-------- Data to examine --------
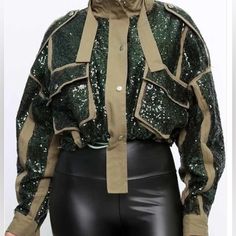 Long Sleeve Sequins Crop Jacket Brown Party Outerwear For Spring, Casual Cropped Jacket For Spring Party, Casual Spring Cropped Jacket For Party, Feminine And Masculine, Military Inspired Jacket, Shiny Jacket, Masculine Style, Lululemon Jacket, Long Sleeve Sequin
--------
-------- Data to examine --------
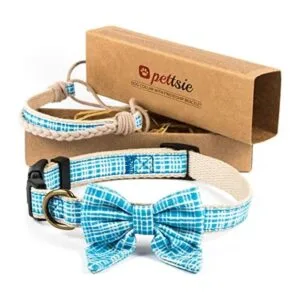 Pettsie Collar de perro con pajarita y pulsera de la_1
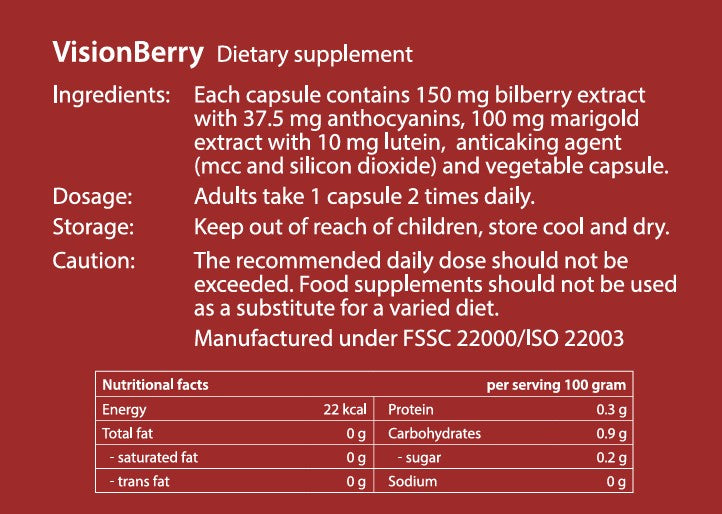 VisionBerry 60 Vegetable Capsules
--------
-------- Data to examine --------
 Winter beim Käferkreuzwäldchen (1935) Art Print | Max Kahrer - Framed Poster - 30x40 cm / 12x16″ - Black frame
--------
# [What the task asks]
In the listing above, the required lines run from the line with "Pettsie Collar de" through the line with "VisionBerry 60 Vegetable Capsules". Output exactly those lines, omitting pictures.

# [Exercise solution]
 Pettsie Collar de perro con pajarita y pulsera de la_1
 VisionBerry 60 Vegetable Capsules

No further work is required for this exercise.